━━━━━ Records for the exercise ━━━━━

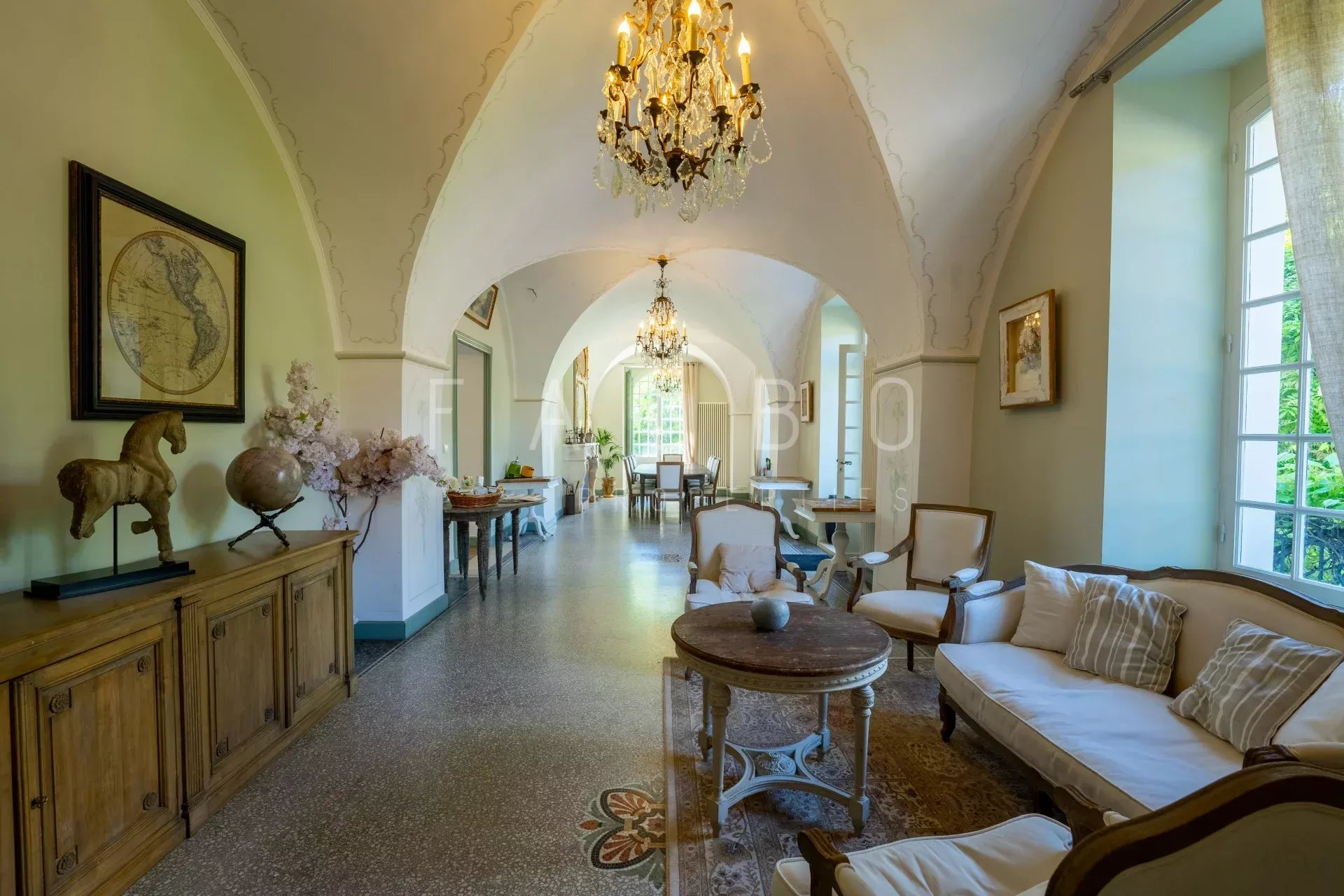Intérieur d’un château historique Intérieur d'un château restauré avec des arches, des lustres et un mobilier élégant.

━━━━━
━━━━━ Records for the exercise ━━━━━

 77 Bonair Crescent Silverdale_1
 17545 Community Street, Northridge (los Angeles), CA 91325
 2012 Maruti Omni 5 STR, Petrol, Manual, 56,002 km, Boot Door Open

━━━━━

Aim of the exercise: In the entries above, find the line with "77 Bonair Crescent Silverdale_1" and the line with "2012 Maruti Omni", then restate word for word both of them and every line between, with nothing more.

Answer to the exercise:
 77 Bonair Crescent Silverdale_1
 17545 Community Street, Northridge (los Angeles), CA 91325
 2012 Maruti Omni 5 STR, Petrol, Manual, 56,002 km, Boot Door Open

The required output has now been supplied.